By 2016 this was no longer true.

Our fields did not meet current standards for grade-school athletics. In terms of size and condition, our fields paled beside those of area schools, both public and private. In our athletic league, the IAC, we were the only school without field turf. Prospective students had been known to turn down St. Albans because of our poor athletic facilities. The lack of field space greatly limited the amount of time our students have to practice and play on regulation surfaces.

Size: Our location in the city and the fixed borders of the Cathedral Close limited the size of our fields. We had less field space than any other IAC team. By cutting into the hillside, we gained 1.5 acres for our fields.

Condition: St. Albans had only one regulation playing field, Satterlee-Henderson Field, shared by the football and soccer teams in the fall and by the lacrosse and baseball teams in the spring. Throughout the year, 25 varsity, junior varsity, and Lower School interscholastic teams took turns on this one field. The field was overused; in poor weather, it could not be used. (When it rained on Homecoming, we held our “home game” on another school’s field.) All winter, the fields were closed for sodding.

Anyone who played on the field in recent years witnessed the large dirt patches, mud, and ruts caused by overuse. The Washington Post generously described our old soccer field in an article as “rugged.”

Scheduling: When four JV and varsity teams competed to use the same field each season, complications arose. In the fall, varsity football generally practiced on the baseball diamond’s left field (there was more grass there), while the soccer team practiced on the narrow strip along Garfield Street known as the third field, or the Beach.

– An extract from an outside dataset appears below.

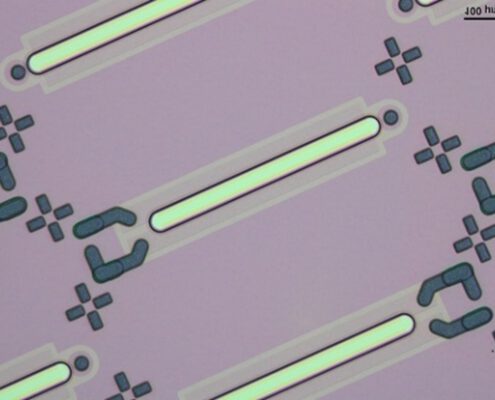 An image of a component layout on MEMS pH meter based on custom ISFET made by LioniX International.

In winter, the field was closed.

In spring, the baseball team took its time batting in the cage so that lacrosse had time on the game field; a JV team might have been found on the Beach—unless track was throwing discus or shot put.

On game days, the schedule tightened even more. Practicing teams ended up on any available patch—on the newly turfed area across from the Lower School entrance (fondly known as the Prison Yard), in the gym, on the Folger Games Deck above the pool roof, or on the Little Field.

“St. Albans must have had the greatest infielders in all of baseball because there was not a true hop that comes off that baseball field. We were obliged to do better—and we have.”